認知症で判断能力が低下した高齢女性にリフォーム工事契約を結ばせ、現金約137万円をだまし取ったとして、大阪府警は9日、いずれもアルバイトの男2人を準詐欺容疑などで逮捕した。逮捕されたのは、大阪市淀川区の男(81)と、同市東淀川区の男(56)。
今年1~2月に八尾市で被害か
大阪府警本部の発表によると、男らは今年1~2月、大阪府八尾市の認知症の女性(90)に対し、庭や屋根裏のリフォーム工事契約を結ばせ、代金として計約137万円を詐取した疑い。2人はいずれも容疑を認めている。

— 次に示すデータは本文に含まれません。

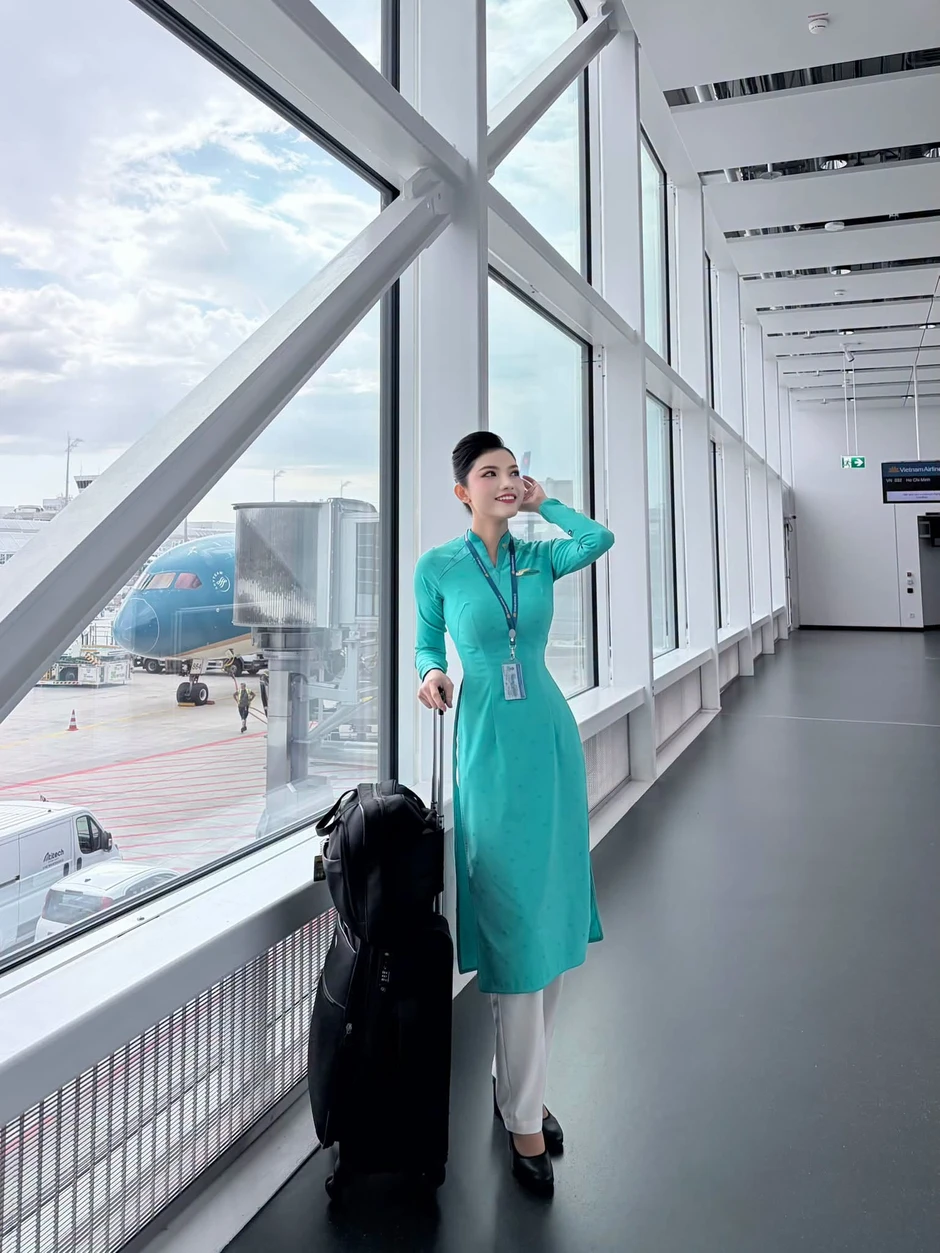 "Chán" bay, nữ tiếp viên hàng không xinh đẹp "lên đồ" trốn đi biển, khiến CĐM được một phen trầm trồ "Chán" bay, nữ tiếp viên hàng không xinh đẹp "lên đồ" trốn đi biển, khiến CĐM được một phen trầm trồ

地域包括支援センターの支援員が2月、女性宅に出入りする男らを不審に思い、通報した。2人は相場より数倍高い値段で屋根裏工事などを行っていたという。
準詐欺罪とは
準詐欺罪は、判断能力が十分ではない認知症の高齢者や知的障害者らから、財産を不当に得た場合に適用される。
消費者庁によると、認知症などで判断能力が低下した高齢者からの消費者トラブルの相談件数は、2025年に1万20件となり、5年連続で増加。形態別では「訪問販売」が32.1%と最も多かった。
消費者庁の呼びかけ
消費者庁は「家族や福祉事業者、地域での見守りが大切だ。異変があれば消費生活センターや警察に早めに相談してほしい」としている。